Porter is also one of the best child-characters in any movie
One can't help but feel wrapped up in the idea of nostalgia; an inevitable looking glass to the past that will always feel far away and yet warmly familiar and reminiscent of the very essence as to what makes us feel connected with our childhood; a world that seemed much more simplistic and innocent through the eyes of a child. There's a reason 90s kids who grew up with The Sandlot continue to revisit and reminisce on what is essentially a silly occurrence of kids getting into trouble, trying to consistently spend their summer vacation playing baseball; it's purely built on nostalgia. We who grew up with it will always get "that feeling" when we hear names like Squints, Wendy Peffercorn or even 'The Great Bambino.' Scenes have created catchy phrases, even as simple as exaggerating the word 'For-ev-er' and there's something in our hearts that makes us feel all warm and fuzzy inside when we hear it (truly precious stuff). But what it boils down to is that out of context (if you didn't grow up with it) The Sandlot is not by any means a great movie. It works as a memorable kids movie that still feels special when watching as an adult because it allows adults to feel like they grew up with these kids and watching them now almost feels like watching a home video; a moment frozen in time when life felt simpler. And it is the power of these juvenile children who ride bikes and get into trouble that feels so relatable because that's an astronomical part of what childhood felt like. It's the very notion that makes E.T. and the whole decade of the 80s feel REALLY special and why we resonate so much with the era no matter what age we are.
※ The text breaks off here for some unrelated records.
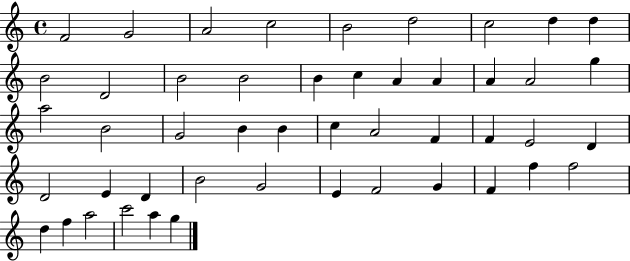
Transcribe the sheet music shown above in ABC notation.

X:1
T:Untitled
M:4/4
L:1/4
K:C
F2 G2 A2 c2 B2 d2 c2 d d B2 D2 B2 B2 B c A A A A2 g a2 B2 G2 B B c A2 F F E2 D D2 E D B2 G2 E F2 G F f f2 d f a2 c'2 a g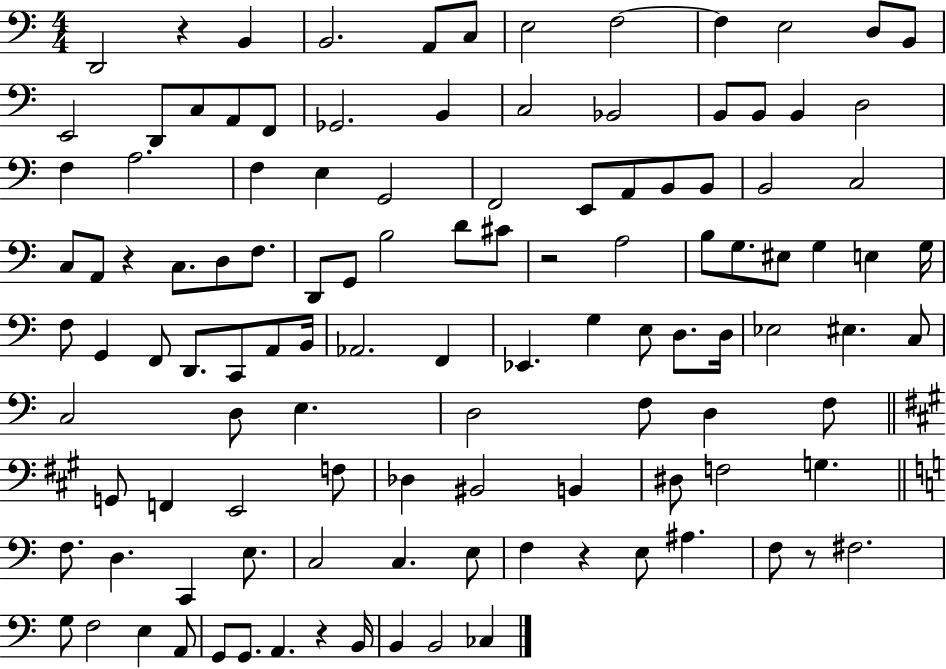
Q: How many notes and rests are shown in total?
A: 116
I think we're starting to see a trend, here.
The 80s especially feels remarkably nostalgic if only for the fact that it's arguably the most 'transitional' decade of our time. Technology was exploding into our world, giving a mountain of leeway to creative freedom in film narrative. Suddenly the idea of computers, robots and A.I. felt overwhelmingly futuristic. Films like The Terminator created a staple on the sci-fi genre fusing both time travel and robots in our modern day American film-going society and everything all at once felt very ahead of its time and yet exceptionally stuck in an unfathomable outdated period. Music had rapidly changed; Real, authentic instruments were substituted for synthesizers and the sound of lasers could be incorporated into some really funky soundtracks. The future became everything; our clothes started to change - Tight jeans, large white sneakers, puffy vests, vibrant baseball caps, glasses with shutters that you could barely see through. It was like being on a different planet where Back to the Future Part II arguably felt like the most defining 80s movie of all time. Everything had transformed; The entire definition of the word 'cool' had morphed into some hip, futuristic beast and once we reached the 90s, it was gone.
The 90s completely gave leeway to the present day and without the 80s we wouldn't have had that literal transition, but because technology grew so much more rapidly, pop culture immediately evolved leaving 80s culture lost in a time warp that is arguably the most far-out, wacky and outdated decade in history. The fact that 70s and 60s culture is making a comeback makes the 80s feel even more out of place than it already does and yet this is the very reason the 80s is the most nostalgic decade we've ever had. It's so nostalgic that present day filmmakers who grew up in that era know just how to capture the decade and make it feel like a relatable time machine for audiences who were never alive during the time and never even experienced it for themselves. This, folks, is why the power of film is such a magical story-telling mechanism.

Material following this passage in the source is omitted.